▸ **EXERCISE DESCRIPTION**: Retype only the lines below from the one with "Ma_Terrasse_Marseille-Chateau-Joly-9" to the one with "Why Early Legal", inclusive, skipping every image.

▸ **INFORMATION PROVIDED**:
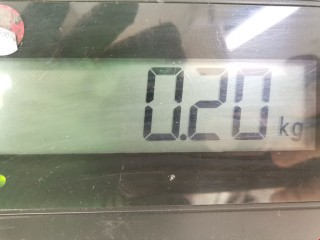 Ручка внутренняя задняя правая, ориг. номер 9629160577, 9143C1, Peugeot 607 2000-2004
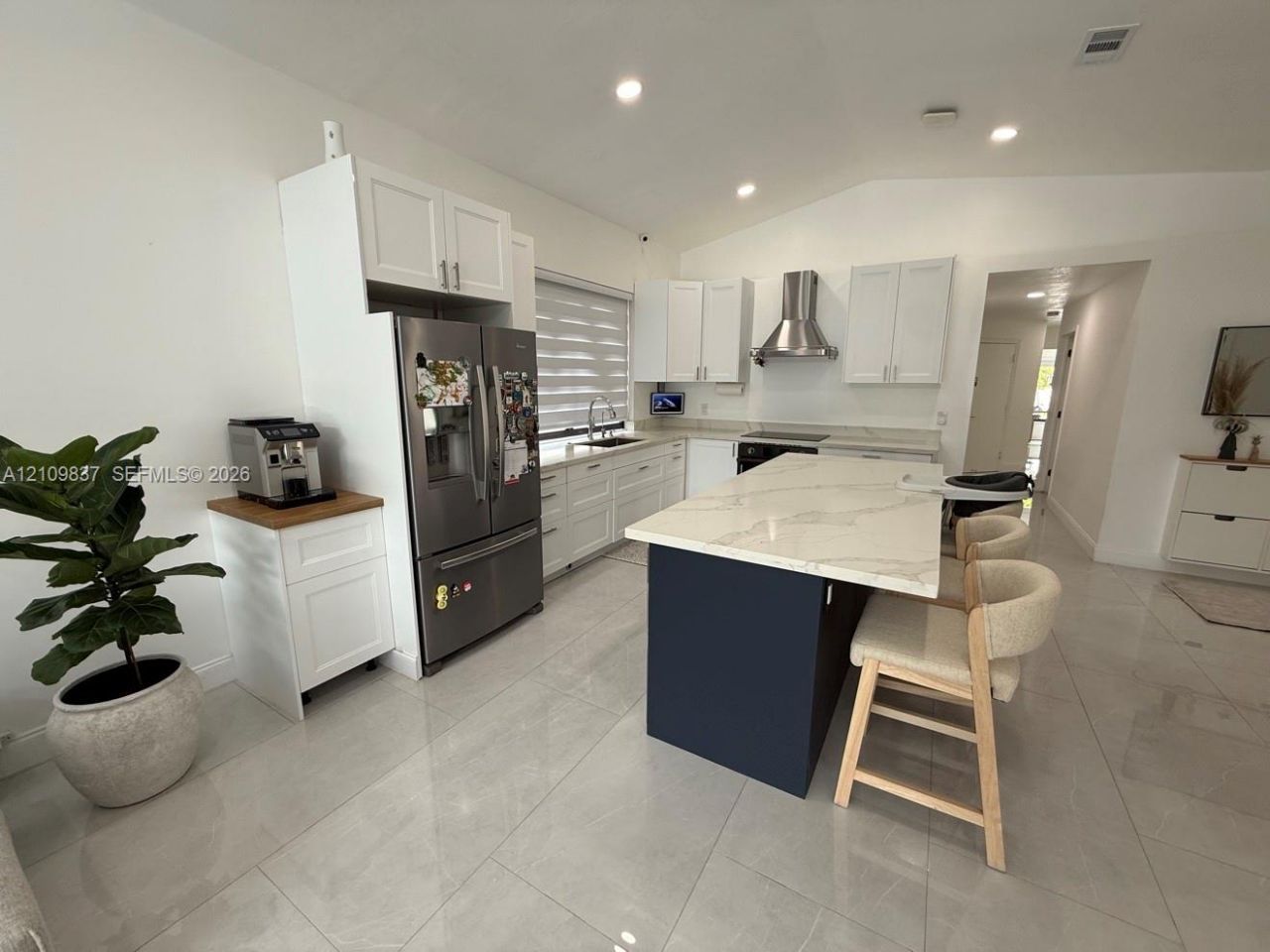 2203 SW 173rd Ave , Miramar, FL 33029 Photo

==

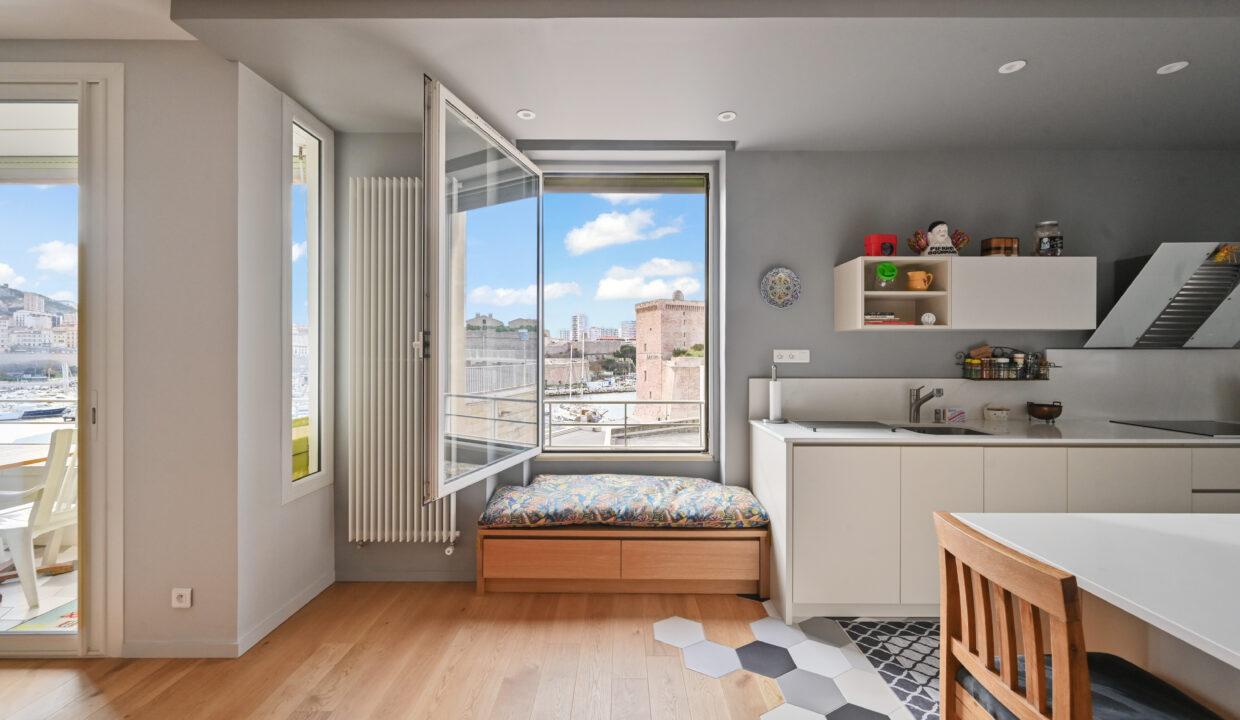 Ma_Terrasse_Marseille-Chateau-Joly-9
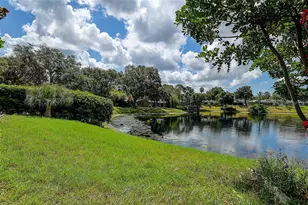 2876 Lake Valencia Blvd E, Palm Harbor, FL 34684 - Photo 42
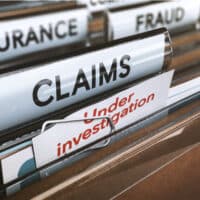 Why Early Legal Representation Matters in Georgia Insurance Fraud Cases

* * *

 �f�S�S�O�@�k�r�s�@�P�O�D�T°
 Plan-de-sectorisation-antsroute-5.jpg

▸ **SOLUTION FOR THIS EXERCISE**:
 Ma_Terrasse_Marseille-Chateau-Joly-9
 2876 Lake Valencia Blvd E, Palm Harbor, FL 34684 - Photo 42
 Why Early Legal Representation Matters in Georgia Insurance Fraud Cases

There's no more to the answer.